Ambos empezaron a volar por el inmenso
salón, bailando en el aire, realizando piruetas y lindas cabriolas. A su paso
dejaban una preciosa estela luminosa, polvos mágicos. Eran dos bellas figuras
las que se deslizaban ágilmente por la inmensidad del vacío. Una preciosa dama
de pelo anaranjado como el fuego, largo y frondoso, que cubría dos maravillosas
perlas azules incrustadas en un bello y afirmado rostro de blanca tez. La otra
figura, un apuesto galán, moreno de ojos grandes y oscuros. Y allí estaban los dos,
batiendo sus maravillosas alas, como mariposas al inicio de la temporada
estival. Se deslizaban sorteando los obstáculos de la sala, majestuosa, con
gran facilidad.
El salón, adornado de maravillosas lámparas
de araña de bohemia, magnífico cristal este, brillaba con cegadores destellos
luminosos y bañaba de luz todo el entorno. Las cortinas, de un acabado
impresionante, se deslizaban a lo largo de toda la pared. Toda la estancia era
una mezcla de colores de tonos suaves y acogedores, tonos blancos, rosados,
amarillos, grises azulados, claros y agradables a la vista. Y allí estaban.
Solos. Batir por aquí, pirueta por allá, un giro… la magia brotaba por cada uno
de los rincones. Pero sólo bastó un instante para que toda aquella alegría se
viera frustrada de un intenso y estruendoso golpe…
- ¡Alto criaturas inmundas! - Era la voz de
su amo, el Gran Mago de Hador, pueblo variopinto en el que conviven multitud de
razas y especies vivas.
- Señor… nosotros no… – contestó la figura
femenina de diminutas dimensiones intentando aplacar la furia de su señor.
- ¡Basta! Os dejo unas lunas solos y ya os
creéis en el derecho de invadir mis habitaciones. Yo no os he tratado mal, pero
os habéis aprovechado de ese privilegio para abusar de mi buena hospitalidad.
- Pero… – increpó el duendecillo masculino
en defensa de los dos - …no teníamos intención de hacerle sentir ofendido, fue
un juego, sólo eso, yo… – atajó el mago cortando sus palabras al viento.
- Habéis abusado de mi confianza y pagaréis
por ello.

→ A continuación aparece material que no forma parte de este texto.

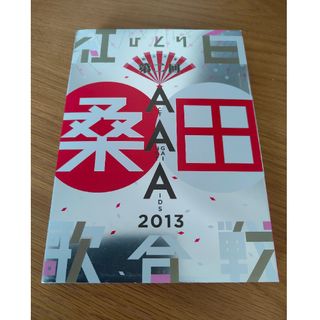 ビクター(Victor)の桑田佳祐　第二回　ひとり紅白歌合戦　訳あり品(ミュージック)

De todas formas, no seré malvado con vosotros, ya que me habéis sido
de gran utilidad durante el tiempo que habéis estado a mi lado y habéis
aliviado el sentimiento de soledad que siempre me ha invadido.
El mago lanzó un conjuro al aire y una nube
de polvo dorado envolvió a los dos duendecillos, arrastrándolos hacia una caja
de escasas dimensiones. Sus cuerpos se tensaron y adquirieron rigidez,
adoptando una postura graciosa. Los había convertido en figuras. Luego los posó
en el centro de una plataforma, enfrentados el uno al otro y cogidos en postura
de baile, dotó a la plataforma, de aspecto circular, de capacidad para girar y,
en su centro, girarían las figuras. Y, como guinda final de aquel pastel, puso
música a su alrededor, la misma que había sonado cuando los descubrió en el
salón. Su magia impregnó la caja y, siempre que estuviese abierta sonaría
aquella música mientras los duendes bailaban al son de las dulces notas
musicales. Mientras estuviera cerrada estarían condenados a la oscuridad y al
más absoluto silencio. Así, sin saberlo, cada vez que abrimos una caja de
música, privamos a sus habitantes de la esclavitud que antaño les fue impuesta
y les damos la oportunidad de volver a disfrutar de aquel último baile.
Mientras esté abierta y dure la música, la magia permanecerá entre nosotros.